The state is one step closer to changing the way teachers are evaluated.

The State Board of Education on Wednesday gave initial approval to a plan that ties teachers' performance more closely to student achievement.

Evaluating educators based on performance is a required part of the state's exemption from the federal No Child Left Behind law. A new evaluation system is being piloted in 49 schools in 13 districts across the state.

The plan presented to the board included a new rating system for teachers with ratings of exemplary, highly effective, proficient, needs improvement and ineffective. The ratings are a departure from an earlier plan that called for ratings of A through F, which drew criticism from teachers and education groups.

Several education groups on Wednesday raised concerns about the new system's focus on student growth.
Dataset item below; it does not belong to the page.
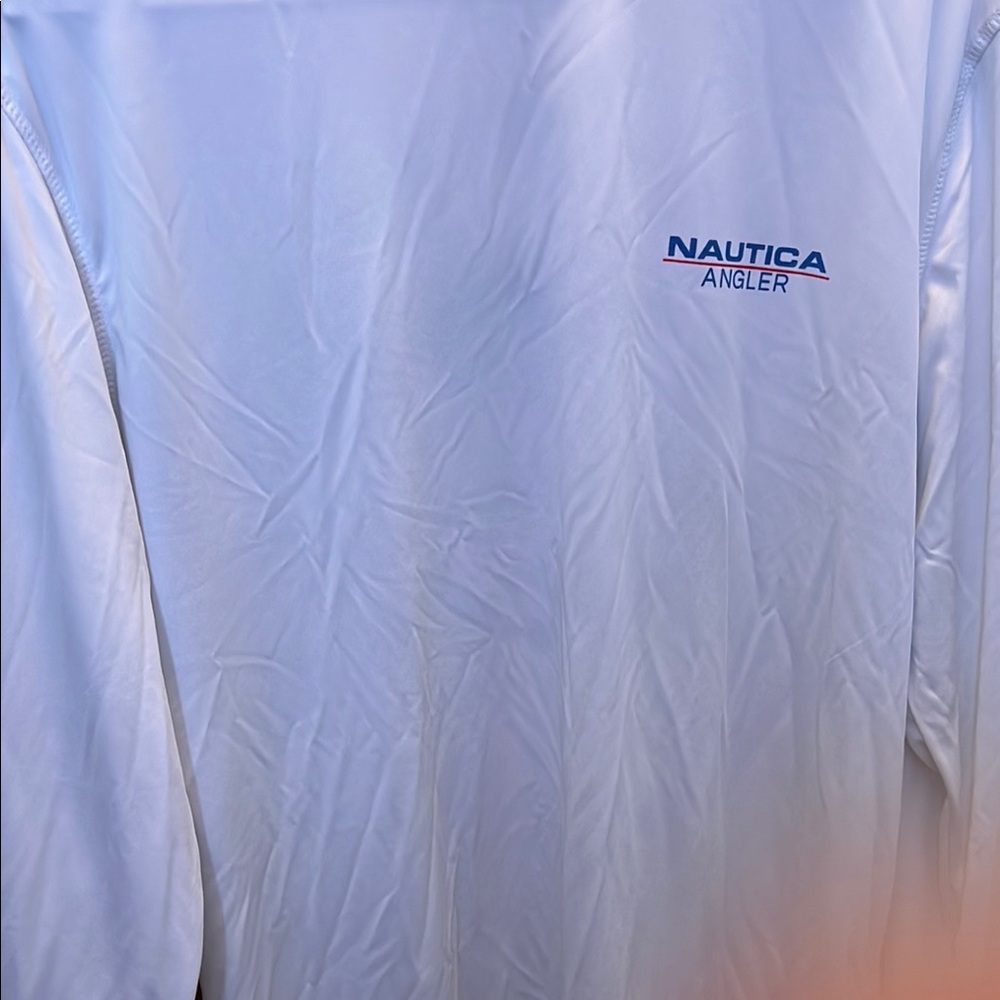 Nautica Angler White Long Sleeve Shirt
The plan would require that 30 percent of teachers' evaluations be based on students' test scores.

Kathy Maness of the Palmetto State Teachers Association suggested reducing the weight of student growth to 15 percent and adding categories of professionalism and classroom reflection for a weight of 10 percent and 5 percent, respectively.

Bonnie Wilson, who is a principal of an elementary school in Hampton County, said her school is among those piloting the new evaluation system. She said measuring student growth has helped teachers better quantify whether their students are improving, and drive professional development to help teachers improve.

State School Board member Larry Kobrovsky, who represents Charleston and Berkeley counties, said Thursday that the initial approval of the new evaluation system is "in no way indicative of the sentiment on the board of passing the final version."

Kobrovsky said he continues to have concerns about tying student achievement and test scores to teachers' employment. The State Board of Education will take a final vote on the new evaluation system later this year.

Also on Wednesday the board voted against a proposal to allow South Carolina to withdraw from the Smarter Balanced Testing Consortium that is developing tests to meet new federal education requirements known as the Common Core State Standards.